TASK TO CARRY OUT: Copy every entry exactly as it stands, though any image it holds should stay out of the copy.
*** Opening of INPUT ***
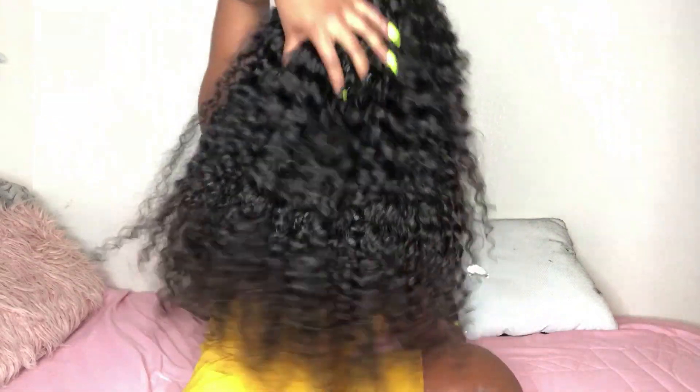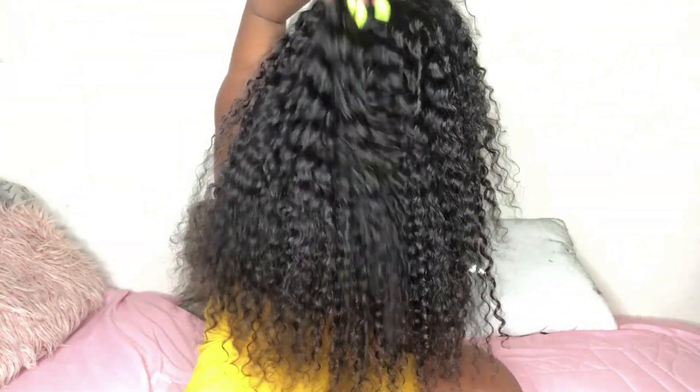I'm gonna start with the positives because if I start with the negatives y'all will just click off the video. So honestly, this hair is super full — like it is really full and I love it because when it dries it gets really big. I really like big hair, and it's pretty long to be a 22 inch. I'll try to turn around so you guys can see — it's really, really full and it's kind of long.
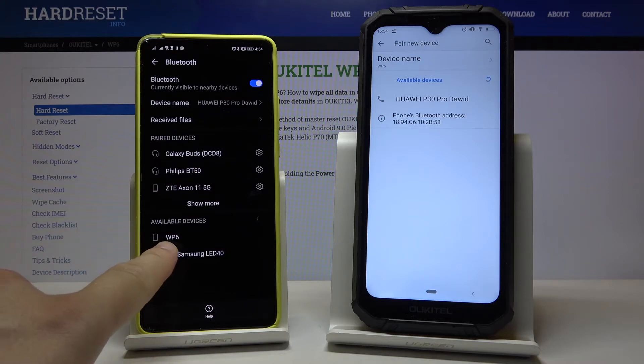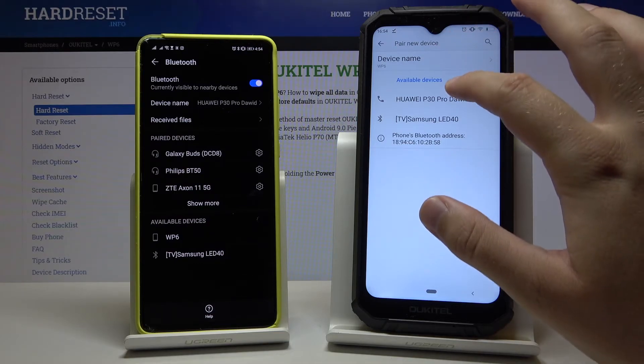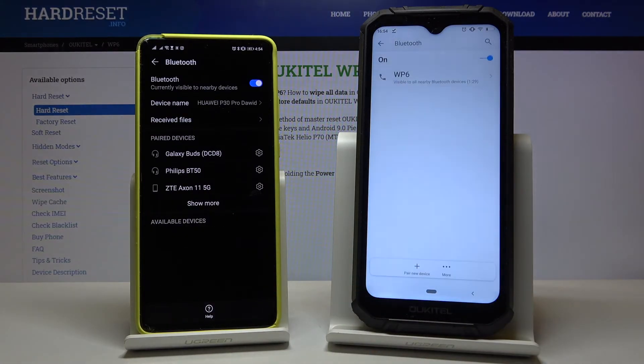As you can see, in my smartphone OAP30 Pro I got the Okitel listed here, and it also shows on the Okitel WP6. So right now just tap on the device that you want to connect and simply accept the pair on both devices. As you can see, the devices are now connected and we can easily transfer files between them.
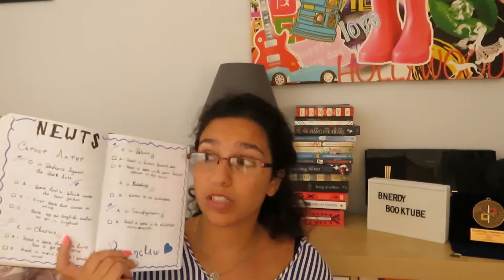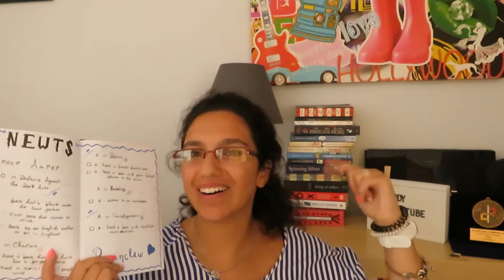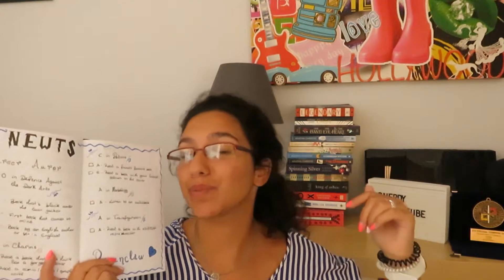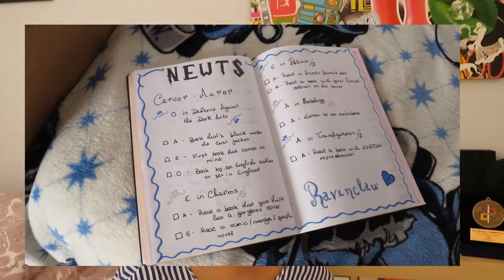I'm trying to double up with the other readathon that I'm doing, the Disney readathon. If the video is up, I'll link it down below; if not, just stay tuned because it will be going up eventually. I also did a beautiful spread for my bullet journal — if it's up, I'll link my August flip-through down below, otherwise I'll just insert a bigger picture here.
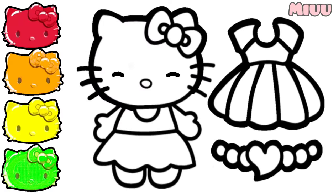Hi, my name is Mew. Today, we will coloring Hello Kitty with clothes and necklace. It's gonna be fun. Let's get started.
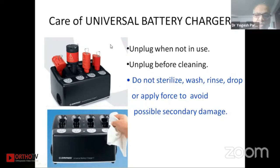To take care of the chargers: keep it unplugged when not in use, don't keep it plugged in all the time, and unplug before cleaning. Do not sterilize, wash, rinse, drop, or apply force to the charger to avoid possible secondary damage. Be very careful while inserting batteries inside and clean only with a very soft cloth so there are no scratches.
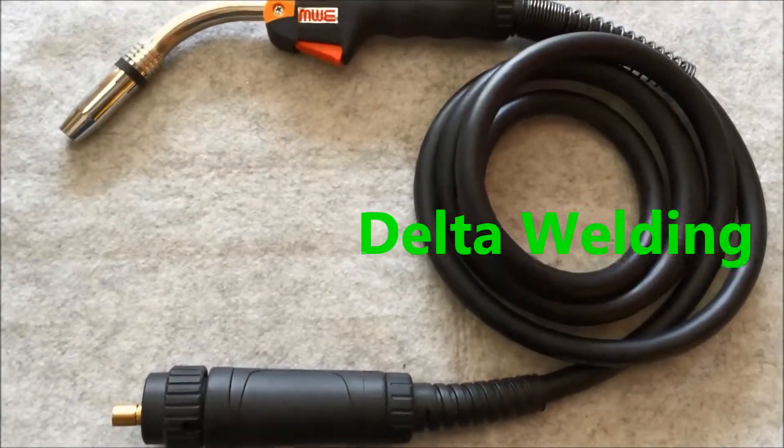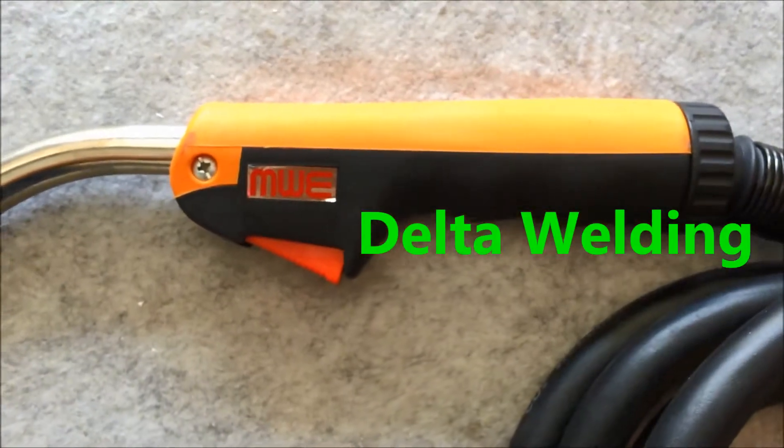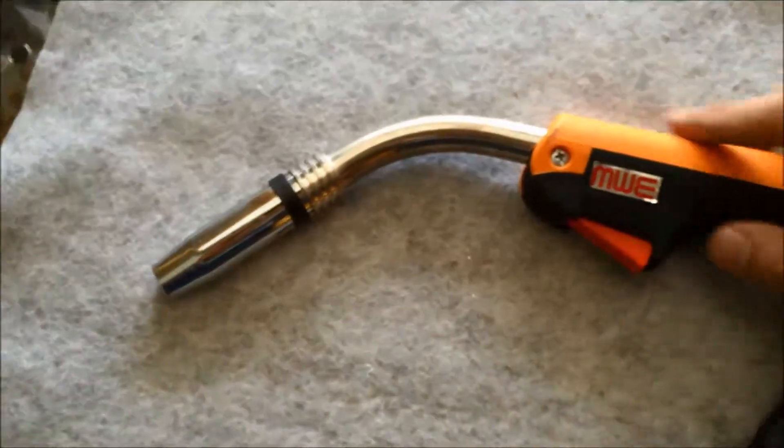Hey everyone, thanks for watching my YouTube channel. This is the MWE MIG welding torch. It's also called the MB24 welding series.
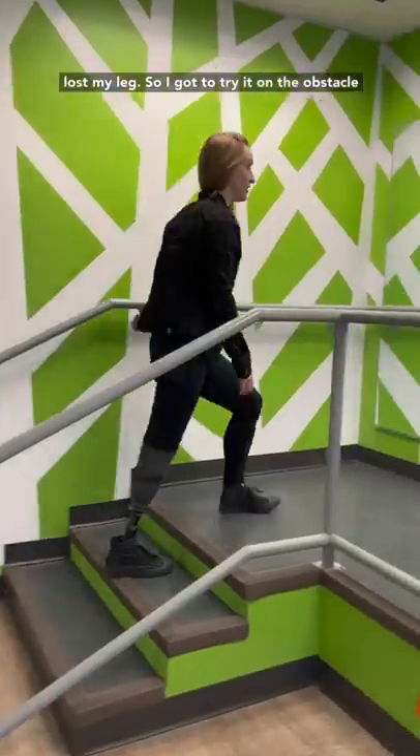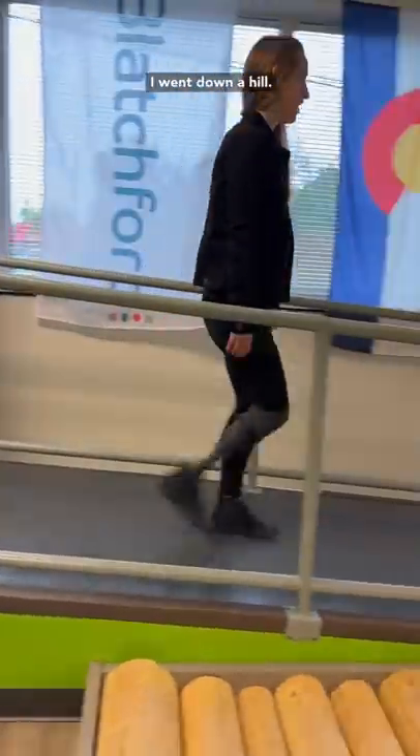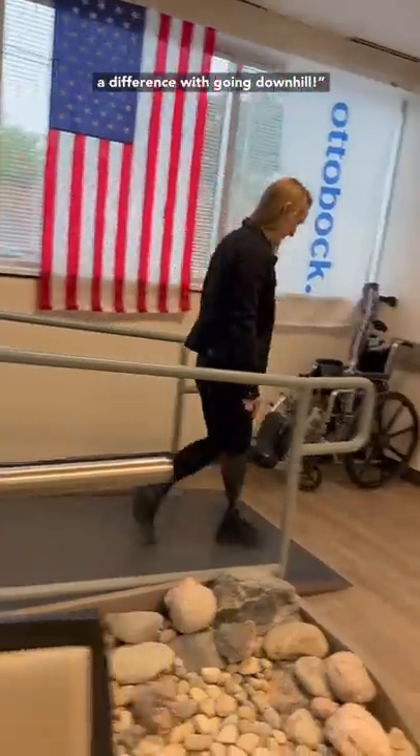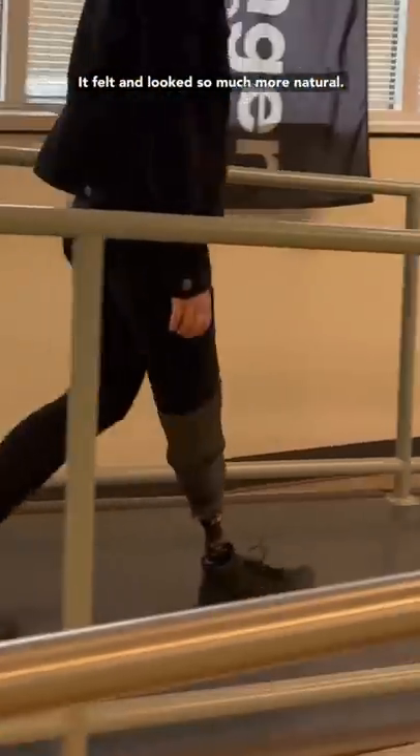So I got to try it on the obstacle courses, up and down stairs, but where I really started to notice the difference was when I went down a hill. Oh my God, that makes such a difference going downhill. It felt and looked so much more natural.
*** Close of INPUT ***
RESPONSE BELOW:
I'm gonna start with the positives because if I start with the negatives y'all will just click off the video. So honestly, this hair is super full — like it is really full and I love it because when it dries it gets really big. I really like big hair, and it's pretty long to be a 22 inch. I'll try to turn around so you guys can see — it's really, really full and it's kind of long.
As you can see, in my smartphone OAP30 Pro I got the Okitel listed here, and it also shows on the Okitel WP6. So right now just tap on the device that you want to connect and simply accept the pair on both devices. As you can see, the devices are now connected and we can easily transfer files between them.
I'm trying to double up with the other readathon that I'm doing, the Disney readathon. If the video is up, I'll link it down below; if not, just stay tuned because it will be going up eventually. I also did a beautiful spread for my bullet journal — if it's up, I'll link my August flip-through down below, otherwise I'll just insert a bigger picture here.
Hi, my name is Mew. Today, we will coloring Hello Kitty with clothes and necklace. It's gonna be fun. Let's get started.
To take care of the chargers: keep it unplugged when not in use, don't keep it plugged in all the time, and unplug before cleaning. Do not sterilize, wash, rinse, drop, or apply force to the charger to avoid possible secondary damage. Be very careful while inserting batteries inside and clean only with a very soft cloth so there are no scratches.
Hey everyone, thanks for watching my YouTube channel. This is the MWE MIG welding torch. It's also called the MB24 welding series.
So I got to try it on the obstacle courses, up and down stairs, but where I really started to notice the difference was when I went down a hill. Oh my God, that makes such a difference going downhill. It felt and looked so much more natural.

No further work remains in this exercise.